Bringing everybody, who can influence or get impacted by intellectual property, closer together requires some demystification of the concept of IP. The description of the concept should be simplified and made easily understandable to a common person, the boundaries of each idea should be clearly demarcated with proper distinctions, related information should be easily accessible at any point in time, and the impact of newly created intellectual property should be measurable. As innovation has become the driving force of today's economy, it is time to make the general public aware of intellectual property and empower them with the right tools to atleast understand it, if not practice it easily.

The goal of an IP tool should not be limited to providing the details of a patent. The tools need to do more.

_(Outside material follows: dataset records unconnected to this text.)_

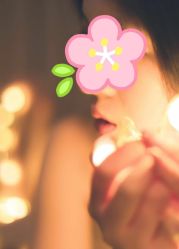 -小时光摄影工作室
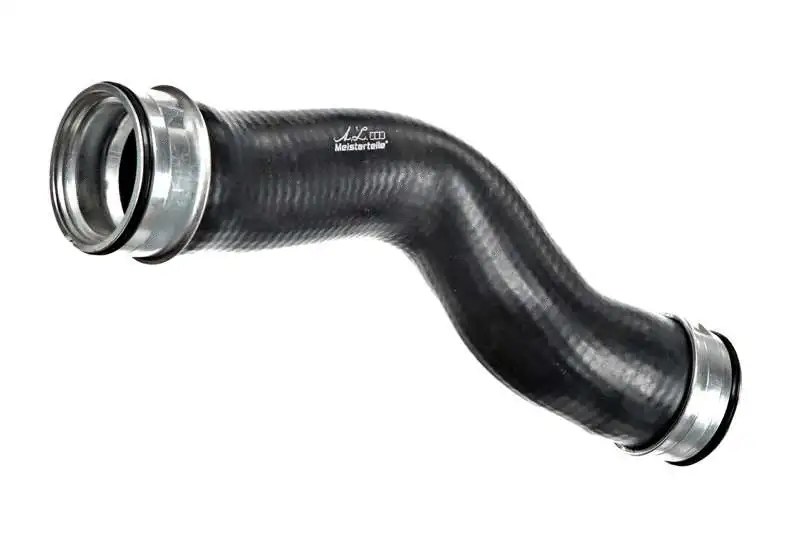 Gaine de suralimentation A.Z. Meisterteile AZMT-90-020-2470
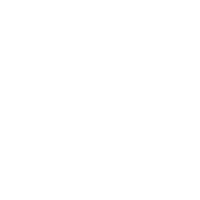 ��˹��--ȫ�����ݻ�����Ϸƽ̨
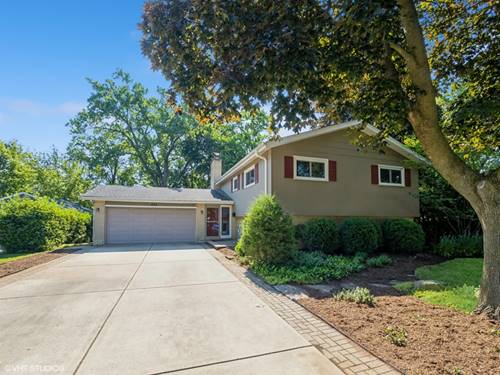 235 S Cedar, Palatine, IL 60067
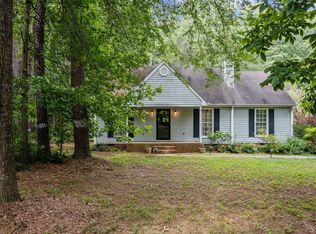 173 Olde Farm Rd, Pittsboro, NC 27312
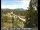 Webcam in Truckee, Kalifornien, 60.3 km entfernt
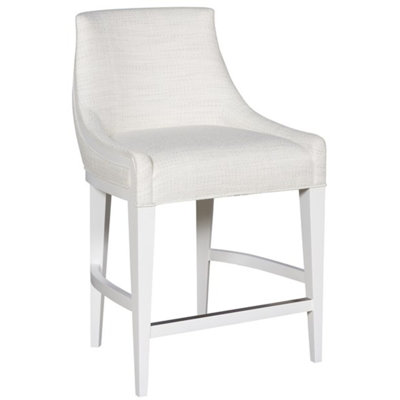 Vanguard Furniture Cove Counter & Bar Stool | Wayfair
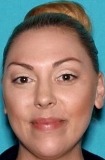 Rebecca Modrall missing person case profile photo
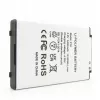 Įkraunama baterija EASYPIX 55105 GoXtreme WDV5630 3,7 V 1200 mAh nešiojamiesiems prietaisams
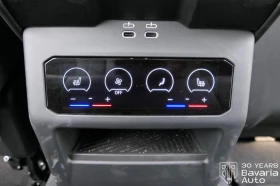 BMW i5 40 xDriveM Sport Paket | Mobile.bg    15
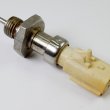 Датчик температуры выхлопных газов Cartronic CRTR0121638 Ref.2872858/ 4954250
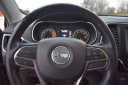 Thumbnail image of 2021 Jeep Cherokee at Antioch Chrysler Dodge Jeep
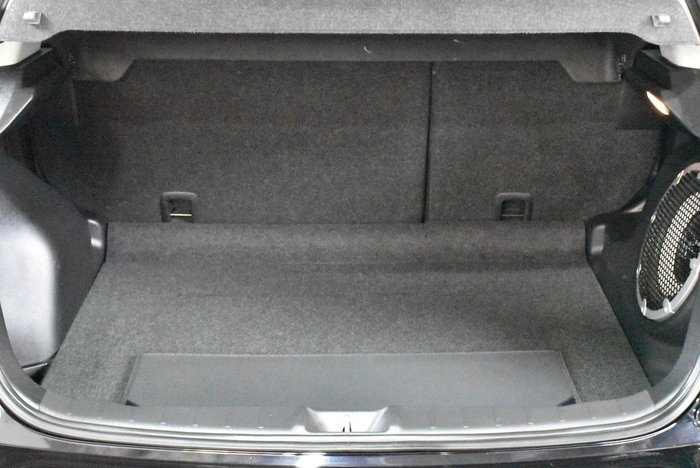 2021 Mitsubishi ASX Exceed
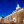 Hiss United Methodist Church in Parkville,MD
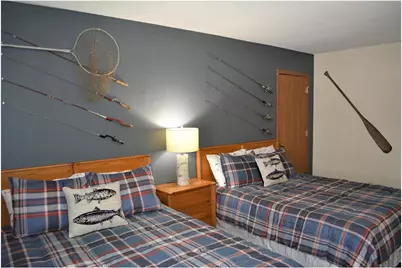 15326 (Units 15-21) W Birch Point Road, Hayward, WI 54843 - Photo 28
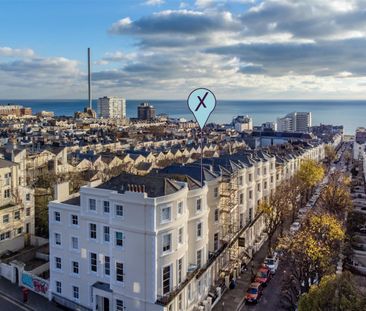 Brunswick Road, Hove - Photo 3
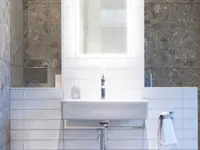 Vloertegel vtwonen Composite Dark Grey 60 x 60 | 775-930 | Jan Groen Tegels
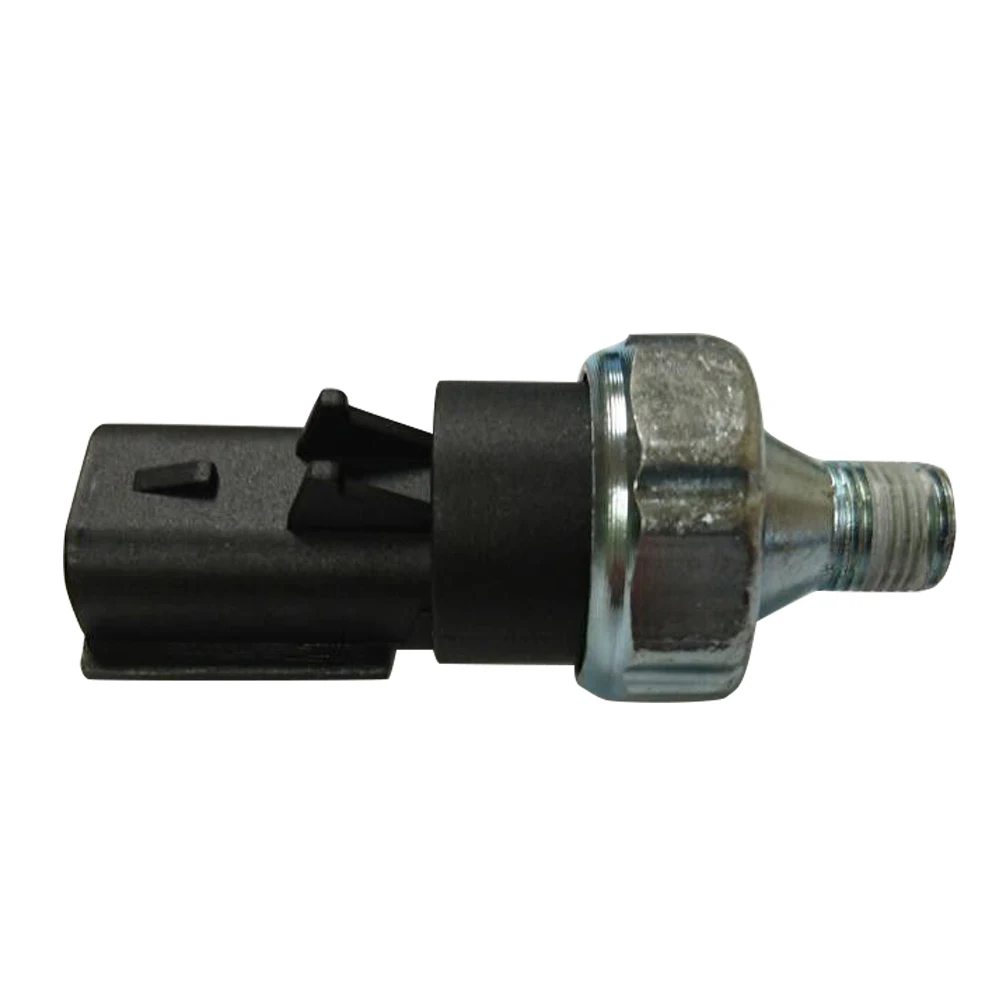 

Датчик давления масла двигателя для Dodge Jeep Chrysler OEM 5033317AB 5033317AC 68003360AA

It should decipher the language and relate it to the experience of a common person to make it effective. Making things simpler might require complex technologies in different domains but the technology itself should be transparent to the end user. While it may be logical to come up with tools for the current practitioners of IP, it is equally important to provide similar tools accessible and affordable to the larger public, to take them along in the journey. The audience for these IP tools could encompass not just IP professionals supporting the creation and usage of intellectual property, corporate leaders making highly sensitive decisions based on the potential value of an intellectual property, or researchers and developers looking for new ideas; but also students learning newer things every day, farmers looking for newer ways of improving their crop, or a mother looking for better ways of caring for her child. Everyone needs to visualize and practice intellectual property in their own context, using information accessible on their personal device. It is time different technologies including machine learning, contextual information retrieval, and advanced analytics come together to serve this need. The life of everyone gets affected by intellectual property in today’s world, and each of us has the power to come up with ideas and innovations that can influence the quality of life. Hence, we want everyone to be an active and integral part of the journey of increasing the understanding and practice of intellectual property.